The Study Melbourne Student Centre hosted 'A Walk in My Shoes' on Friday 20 September. The event included a panel discussion and a gallery of photographs that celebrated diversity, inclusion and queer identity across Melbourne’s international student and migrant community.
Samantha Chew, organiser and Meld Magazine editor, and Emily Hua, photographer spoke to Study Melbourne Ambassadors, Tejas Deshmukh and Felycia Viffany at the exhibition.
Why are events like ‘A Walk in My Shoes’ important for the international student community?
SAM: It is important to have events for international students all the time to foster community bonds, but in this case it’s very special and that I don’t think we have ever really celebrated queer international students.
The queer international community can look all different kinds of ways and we are all different kind of colours and sizes. The importance in that is people see themselves reflected and represented and they feel they can contribute to the community.

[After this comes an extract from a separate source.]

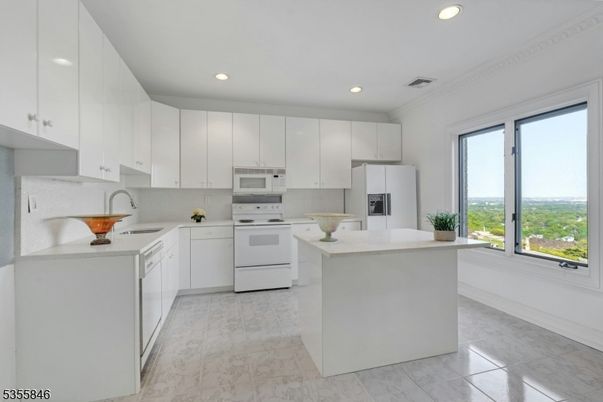 Interior, Kitchen, Marble, Recessed Lighting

As a first-time international student when you are new to Melbourne, it can be quite daunting to come here alone. In first six months you feel like, ‘my family isn’t here, I have got no friends, I don’t have a community yet,’ and for introverts sometimes it takes time for us to get out of our shell. I think having events continuously helps them find people they are meant to find.
What are the strengths of the international LGBTIQA+ community in Melbourne and how do these photographs reflect the queer international student community?
EMILY: I think the LGBTIQA+ community is incredibly vibrant. I understand that acceptance and visibility of this community differs from country to country, but overall, I have found that there is a strong sense of belonging. These LGBTIQA+ communities are marvellous as they also provide a safe space for queer individuals.
I chose to photograph people from LGBTIQA+ backgrounds for two reasons. The first came from a curious place, I was curious to know what it’s like to grow up queer in Colombia, China, Korea, Vietnam, and the Middle East, among other places.
The other reason I chose to pursue ‘A Walk in My Shoes’ was to show the diversity that exists beyond queer stereotypes. Like many queer people, I don’t fit my stereotype, and I am learning how to be comfortable in that ‘uncomfortability’. I wanted to smash the stereotypical way people see bisexuals, lesbians, gays, transwomen and transmen.
I wanted a range of people to engage with the photographs, meet the people behind them, and listen to others who have been through the journey. And for queer international students, I hope they walked away knowing that people care, that the times are changing, and that their identity is just as legitimate as everybody else’s.
Study Melbourne is committed to providing a supportive and inclusive environment for LGBTIQA+ students.